For 12 hours, two herds of wild South African elephants slowly made their way through the Zululand bush until they reached the house of late author Lawrence Anthony, the conservationist who saved their lives. The formerly violent, rogue elephants, destined to be shot a few years ago as pests, were rescued and rehabilitated by Anthony, who had grown up in the bush and was known as the “Elephant Whisperer.”
For two days the herds loitered at Anthony’s rural compound on the vast Thula Thula game reserve in the South African KwaZulu – to say good-bye to the man they loved. But how did they know he had died on March 7? Known for his unique ability to calm traumatised elephants, Anthony had become a legend.
There are two elephant herds at Thula Thula.

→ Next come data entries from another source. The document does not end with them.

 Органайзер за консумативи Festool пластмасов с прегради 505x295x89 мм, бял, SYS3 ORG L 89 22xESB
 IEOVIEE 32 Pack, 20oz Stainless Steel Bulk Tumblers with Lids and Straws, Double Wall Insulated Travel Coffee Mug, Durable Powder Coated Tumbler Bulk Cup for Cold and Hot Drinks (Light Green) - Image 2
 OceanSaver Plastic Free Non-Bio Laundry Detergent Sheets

According to his son Dylan, both arrived at the Anthony family compound shortly after Anthony’s death.
“They had not visited the house for a year and a half and it must have taken them about 12 hours to make the journey,” Dylan is quoted in various local news accounts “The first herd arrived on Sunday and the second herd, a day later. They all hung around for about two days before making their way back into the bush.”

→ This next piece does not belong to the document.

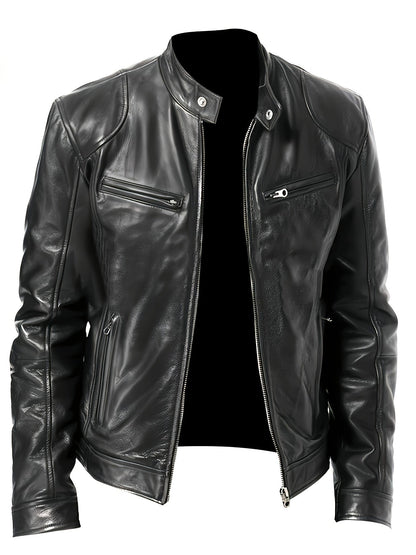 Eilidh | Moto Jacket Black Faux Leather Stand Collar for Women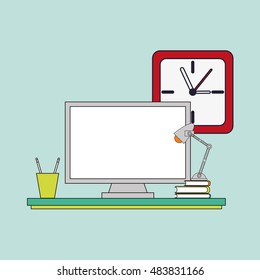 computer with office related icons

Elephants have long been known to mourn their dead. In India, baby elephants often are raised with a boy who will be their lifelong “mahout.” The pair develop legendary bonds – and it is not uncommon for one to waste away without a will to live after the death of the other. The first herd to arrive at Thula Thula several years ago were violent. They hated humans. Anthony found himself fighting a desperate battle for their survival and their trust, which he detailed in his book ‘The Elephant Whisperer’:
It was 4:45 a.m. and I was standing in front of Nana, an enraged wild elephant, pleading with her in desperation. Both our lives depended on it. The only thing separating us was an 8,000-volt electric fence that she was preparing to flatten and make her escape. Nana, the matriarch of her herd, tensed her enormous frame and flared her ears. “’Don’t do it, Nana,” I said, as calmly as I could. She stood there, motionless but tense. The rest of the herd froze. “’This is your home now,” I continued. “Please don’t do it, girl.” I felt her eyes boring into me. “’They’ll kill you all if you break out. This is your home now. You have no need to run any more.” Suddenly, the absurdity of the situation struck me, Anthony writes. Here I was in pitch darkness, talking to a wild female elephant with a baby, the most dangerous possible combination, as if we were having a friendly chat. But I meant every word. “You will all die if you go. Stay here. I will be here with you and it’s a good place.” She took another step forward. I could see her tense up again, preparing to snap the electric wire and be out, the rest of the herd smashing after her in a flash. I was in their path, and would only have seconds to scramble out of their way and climb the nearest tree. I wondered if I would be fast enough to avoid being trampled. Possibly not. Then something happened between Nana and me, some tiny spark of recognition, flaring for the briefest of moments. Then it was gone. Nana turned and melted into the bush. The rest of the herd followed. I couldn’t explain what had happened between us, but it gave me the first glimmer of hope since the elephants had first thundered into my life.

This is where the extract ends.